Pediatricians are often called on to make referrals, sign prescriptions, and write letters of medical necessity to help obtain funding both for the devices and the assessments. A letter of medical necessity should be written only after conferring with members of the team who have evaluated the child (especially the speech-language pathologist). This letter should state that the physician received the evaluation reports, reviewed the recommendations, and concurs that the recommended devices are medically necessary for treatment of the child's communication impairment caused by the specific diagnosis. For some agencies, information about the child's current status and expected outcome after using the device must also be included (but this information is often part of the report from the speech-language pathologist). The funding agency needs more than just a report of the physical examination or diagnoses. Government agencies, private insurance companies, and charitable organizations all have limited funds, and requests that include the most complete and clear information are the most likely to be funded. Medicaid payers in many states and some insurance companies have set up specific requirements for a detailed evaluation report by a licensed speech-language therapist to accompany the prescription or medical-necessity letter that is signed by the physician.

Funding Overview

Obtaining funding requires perseverance. Sometimes, a request for an AAC device is denied because the funding agency has never had any experience with such a device. However, denials of funding by most agencies are subject to appeal. The appeal process in these situations should not be taken lightly. The denial letter may include reference to the specific statements made in the insurance policy. This can often be the starting point of an appeal letter by the family. Often, the speech-language pathologist, pediatrician, or other advocate can offer a supportive letter for this appeal. An appeal is most likely to be successful if it can be shown that a child can benefit significantly from using the particular device. Failure of an appeal can sometimes make funding for a particular device (or even any device) unlikely, if not impossible, for other children with similar disabilities. Therefore, a successful appeal can be used as an important precedent for future requests. AAC devices and their related professional services are relatively new and specialized, and they sometimes are not included on lists of approved products eligible for funding. Funding agencies may benefit from instruction about the potential of these devices to improve functioning and independence for children who have disabilities. Many companies that make AAC devices also have their own funding specialists on staff who can be helpful in dealing with insurance companies or other agencies.

Because funding for the purchase of devices and funding for training and monitoring in the use of AAC devices are difficult to obtain, the multidisciplinary team may need to develop insightful strategies to obtain funding for even the simplest low-tech devices.
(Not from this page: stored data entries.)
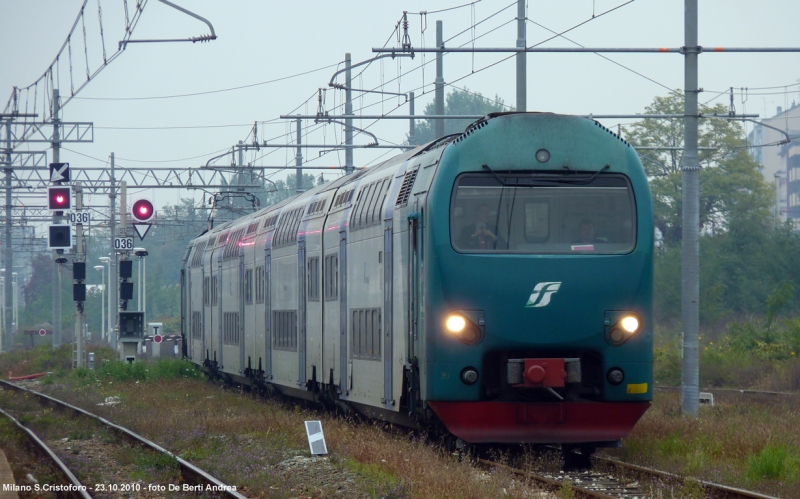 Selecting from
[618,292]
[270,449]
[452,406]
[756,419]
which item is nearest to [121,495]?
[270,449]

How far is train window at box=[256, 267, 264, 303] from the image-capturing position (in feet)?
70.1

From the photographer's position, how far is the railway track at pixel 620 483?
30.5ft

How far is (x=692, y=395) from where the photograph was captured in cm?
1574

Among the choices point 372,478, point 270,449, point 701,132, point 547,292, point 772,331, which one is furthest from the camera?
point 701,132

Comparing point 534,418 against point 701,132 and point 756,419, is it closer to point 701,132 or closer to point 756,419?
point 756,419

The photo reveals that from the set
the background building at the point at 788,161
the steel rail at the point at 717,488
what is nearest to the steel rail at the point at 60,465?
the steel rail at the point at 717,488

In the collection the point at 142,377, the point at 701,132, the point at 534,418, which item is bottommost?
the point at 142,377

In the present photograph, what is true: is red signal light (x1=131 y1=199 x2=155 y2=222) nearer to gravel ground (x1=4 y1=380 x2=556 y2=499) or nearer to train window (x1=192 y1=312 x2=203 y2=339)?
train window (x1=192 y1=312 x2=203 y2=339)

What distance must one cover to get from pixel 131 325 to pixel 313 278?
14.9m

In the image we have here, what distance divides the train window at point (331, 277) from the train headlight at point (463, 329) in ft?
15.5

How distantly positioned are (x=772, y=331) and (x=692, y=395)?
1375cm

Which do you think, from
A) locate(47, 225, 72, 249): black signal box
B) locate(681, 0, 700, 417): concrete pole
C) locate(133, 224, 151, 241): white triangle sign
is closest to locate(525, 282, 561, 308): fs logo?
locate(681, 0, 700, 417): concrete pole

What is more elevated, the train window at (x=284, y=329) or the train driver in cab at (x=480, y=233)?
the train driver in cab at (x=480, y=233)

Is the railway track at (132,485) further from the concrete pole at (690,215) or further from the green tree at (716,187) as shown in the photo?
the green tree at (716,187) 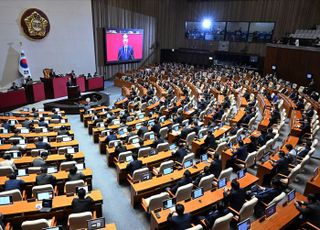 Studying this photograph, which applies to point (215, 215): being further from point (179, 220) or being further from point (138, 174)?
point (138, 174)

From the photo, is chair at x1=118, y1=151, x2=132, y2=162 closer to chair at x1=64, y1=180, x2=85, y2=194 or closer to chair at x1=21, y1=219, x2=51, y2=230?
chair at x1=64, y1=180, x2=85, y2=194

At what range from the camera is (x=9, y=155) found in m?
7.59

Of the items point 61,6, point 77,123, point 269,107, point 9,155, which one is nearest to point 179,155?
point 9,155

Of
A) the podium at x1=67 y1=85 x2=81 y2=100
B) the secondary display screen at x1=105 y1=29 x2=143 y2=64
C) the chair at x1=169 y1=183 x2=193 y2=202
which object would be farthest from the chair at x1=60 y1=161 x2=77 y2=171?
the secondary display screen at x1=105 y1=29 x2=143 y2=64

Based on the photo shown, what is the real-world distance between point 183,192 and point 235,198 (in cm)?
127

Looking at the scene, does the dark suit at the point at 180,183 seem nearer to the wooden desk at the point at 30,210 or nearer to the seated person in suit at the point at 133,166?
the seated person in suit at the point at 133,166

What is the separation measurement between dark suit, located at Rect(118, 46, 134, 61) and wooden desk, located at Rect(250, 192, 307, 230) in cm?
2265

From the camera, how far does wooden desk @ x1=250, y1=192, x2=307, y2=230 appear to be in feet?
17.6

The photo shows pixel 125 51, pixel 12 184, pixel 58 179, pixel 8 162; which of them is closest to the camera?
pixel 12 184

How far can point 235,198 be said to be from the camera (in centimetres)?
604

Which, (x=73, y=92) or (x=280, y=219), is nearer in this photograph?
(x=280, y=219)

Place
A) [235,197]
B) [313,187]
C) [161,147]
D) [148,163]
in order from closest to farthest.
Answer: [235,197], [313,187], [148,163], [161,147]

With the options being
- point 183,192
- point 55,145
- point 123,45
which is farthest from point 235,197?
point 123,45

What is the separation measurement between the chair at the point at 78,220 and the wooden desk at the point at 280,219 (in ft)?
11.6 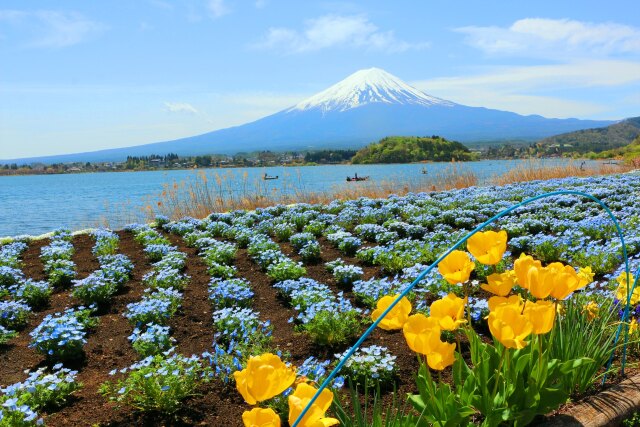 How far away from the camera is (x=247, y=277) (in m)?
5.87

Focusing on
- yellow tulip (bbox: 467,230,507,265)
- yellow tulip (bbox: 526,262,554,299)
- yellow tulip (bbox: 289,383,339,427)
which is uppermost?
yellow tulip (bbox: 467,230,507,265)

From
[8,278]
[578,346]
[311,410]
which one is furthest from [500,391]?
[8,278]

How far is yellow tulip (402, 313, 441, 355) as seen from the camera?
182 cm

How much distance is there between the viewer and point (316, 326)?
12.4ft

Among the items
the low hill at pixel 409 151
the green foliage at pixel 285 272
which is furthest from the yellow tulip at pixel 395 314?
the low hill at pixel 409 151

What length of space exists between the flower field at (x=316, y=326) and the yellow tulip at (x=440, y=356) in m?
0.01

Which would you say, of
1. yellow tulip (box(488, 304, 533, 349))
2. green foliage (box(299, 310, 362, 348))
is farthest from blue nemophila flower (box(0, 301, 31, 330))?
yellow tulip (box(488, 304, 533, 349))

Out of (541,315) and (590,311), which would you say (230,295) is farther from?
(541,315)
Literature is becoming available that focuses on the specifics of funding for devices and their long-term cost-effectiveness.4345

Unfortunately, there is no final answer to the conundrum of who should pay, and funding often requires a good deal of patience and creativity. In some cases, the final possible source of funding, when other options have been exhausted, may be local philanthropic organizations (eg, United Cerebral Palsy, Easter Seals, various social organizations). It is possible that additional improvements in regulations or expansions of state Medicaid-based programs (such as enforcing EPSDT rules) will also lead to more availability of AAC devices for children who need them. In addition, particularly if grass-roots efforts succeed, Medicaid rules may also be expanded to more closely parallel the rules now being implemented within Medicare (because of the recent regulations made in Medicare mentioned previously). However, this might lead, once again, to the apparently common situation in which Medicaid rules may sometimes be more permissive in funding AAC and other devices for children and youth with special health care needs than are insurance programs, which sometimes contractually consider them “noncovered” benefits (eg, for children who have autism spectrum disorders).40

Advocacy Information

Technology advances quickly, and it is rare that a pediatrician can stay current with all new developments. Pediatricians, however, should serve as informed advocates. Families of children with disabilities may have very high expectations about AAC and other assistive technology. They may try to find answers to their concerns and questions with or without support from health care professionals. Pediatricians often have a critical role in this process, because caregivers, patients, or allied health professionals may request their opinion or prescriptions for some of these devices. To be able to provide realistic and appropriate answers, pediatricians should keep generally informed about what is being developed and marketed and, more importantly, what local resources are available to provide more information and access to a proper assessment.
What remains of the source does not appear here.